Rummers

June 11, 2007

So we’ve been asked to comment upon Rummers (apparently not a reference to spirit soaked drunks), a fairly unassuming pub in Cardiff by.. well I suppose I should refer to him as a friend (this chapee here:)…. But we’re not entirely sure why…

We had stopped over in Cardiff to see Joe, our former flatmate, on our way to the camping holiday in the Brecons. We hadn’t seen Joe for a while and had a genuinely lovely morning walking into Cardiff centre via a riverside walk and, after a good hour or so in the National Museum looking at stuffed seagulls, hearing the booming voice of a whale condemn us and our earth-raping kind, and lingering over the stunning sketches of DaVinci, we were kinda peckish.

There was some genuine nostalgia for Deptford days as I dragged us from place to place; refusing to enter a franchise I recognised and eschewing all things chrome… searching for Authenticity. Even the faux authentic would do. I’m not hard to please; write up your menu with chalk, put a stuffed animal over the bar and call your sliced pan ‘rustic’ and you’ve pretty much got me fooled.

Rummers delivered.

Now the food wasn’t that great. A bowl holding a chicken breast wrapped up like some Egyptian prince in bacon slices and draped generously in a tomato sauce… a thick slice from a steak and ale pie; black pie-juice oozing out to be eagerly mopped up with fries and peas… It was all perfectly fine.

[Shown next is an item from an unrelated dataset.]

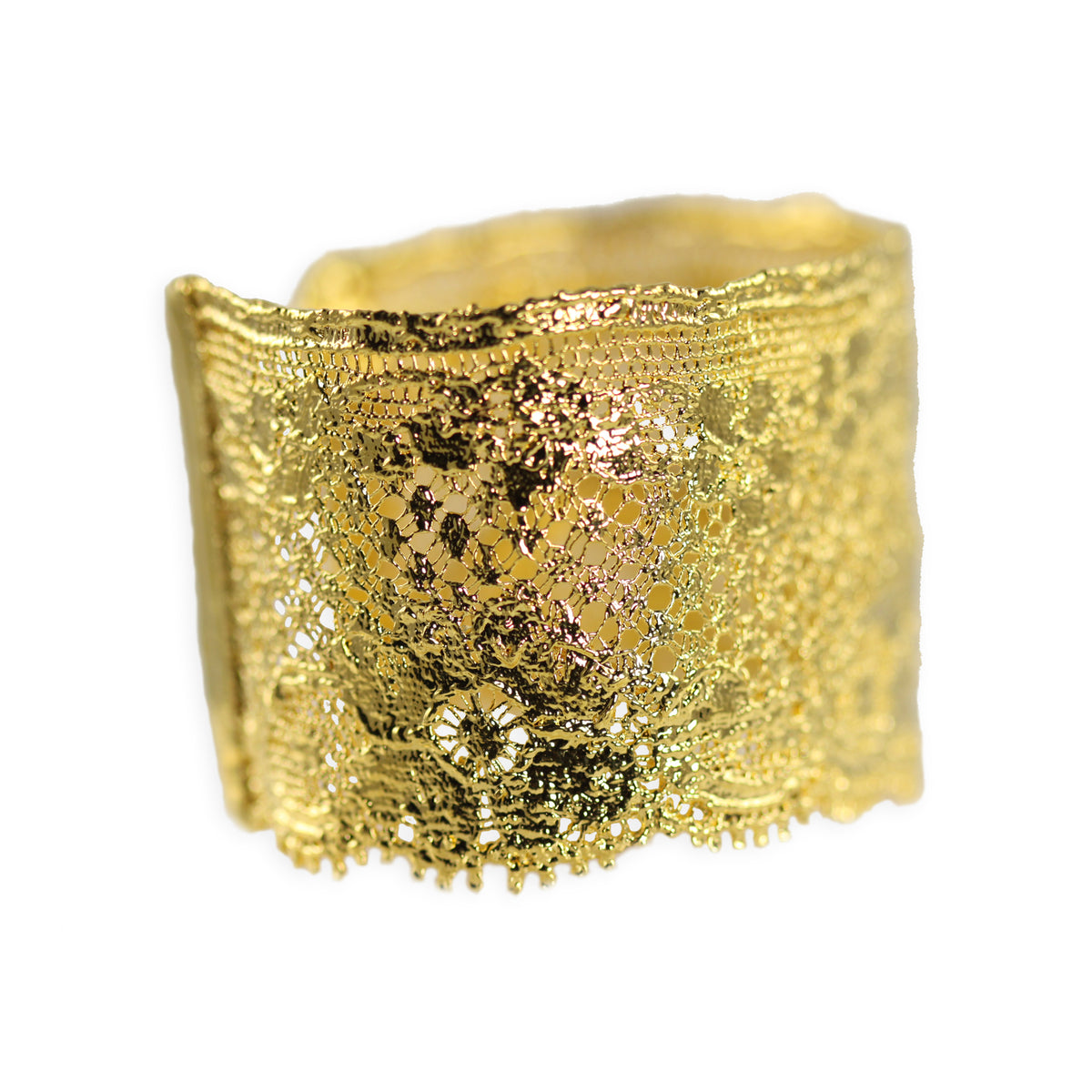 Gorgeous cuff bracelet made from French lace dipped in 24k gold, signed and numbered inside.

But… nice relaxed staff, crazily uneven wooden furniture, names scraped like schoolyard compass graffiti into the table tops, old skool prices… It had me at hello.

Eoin: 6
Billy: 7
Googlemap: I actually can’t find the address of the place online… Errr… it’s near the castle… beside the Millets with the cool action-pants on sale.

The Bayleaf: North Indian restaurant in Abergavenny

May 25, 2007

I’m unsure if it indicates the enticing nature of this surprisingly large Indian in this small Welsh town or the lack of any alternatives but the scent of their kitchen drew us in from three streets away. Having had a similar time again; being turned away from three restaurants who (of course!!!) do not serve any food after 8 in the evening and having turned ourselves away from two particularly dodgy pubs where the locals stopped the dusty tape deck to stare as we ventured over the mantle of the door;

The service, as is common in East Aisan restaurants, was polite and curt. On a tangent. this prompted a conversation concerning the relative manners of different eateries from different cultures; the typical overbearing servitude of Americans, the well-mannered and clipped nicities of East Asian curry houses, and the wide spectrum of manners in European establishments; ranging from the perfect blend of distance and informal humour to the downright rude. As we swapped stories of reasons for skipping out without paying we were presented with a good sized menu of interesting dishes.

I opted for the lamb gohst and our companion for the biryani with chicken and, oddly, potatoes. There was, of course, …. selection of beers; a pint of Cobra or a half pint of Cobra. After some deliberation we selected the former.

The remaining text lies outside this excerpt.